Im Parlament war es der Bündner Mitte-Nationalrat Martin Candinas, der ein Hochleistungsnetz für alle gefordert hat. Dass Sommaruga seiner Forderung nun trotz erbittertem Widerstand seitens Swisscom und Bedenken aus dem Ständerat nachkommt, freut ihn. Die Forderungen der Bergregionen seien im Bundesrat endlich erhört worden, sagt Candinas.
Den Einwand, dass die Schweiz bereits heute bei der Grundversorgung in Europa an der Spitze liegt, will Candinas nicht gelten lassen. er sagt:
«Wenn die Internetgeschwindigkeit von 10 auf 80 Megabit pro Sekunde steigt, dann ist das keine Luxuslösung.»

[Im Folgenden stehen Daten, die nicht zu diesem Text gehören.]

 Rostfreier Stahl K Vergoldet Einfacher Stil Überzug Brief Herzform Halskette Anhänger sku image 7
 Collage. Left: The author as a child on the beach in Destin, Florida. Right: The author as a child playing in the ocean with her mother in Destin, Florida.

Vielmehr gehe es darum, den Graben zwischen peripheren und städtischen Regionen zuzuschütten.
Der Walliser Thomas Egger ist Direktor der Schweizerischen Arbeitsgemeinschaft für die Berggebiete. Er setzt grosse Hoffnungen auf ein schnelleres Internet:
«Dank der Digitalisierung können die Distanzen als einer der Standortnachteile überwunden werden.»
Bisher seien vor allem Gebiete «mit grossem Marktpotenzial erschlossen» worden. «Dies führte zu einer systematischen Benachteiligung der Berggebiete und ländlichen Räume», so Berglobbyist Egger. Gerade die Homeoffice-Pflicht in der Coronazeit habe aber neue Chancen für die Berggebiete aufgezeigt. «Es gibt Leute, die mieten ein Chalet und arbeiten von dort aus.»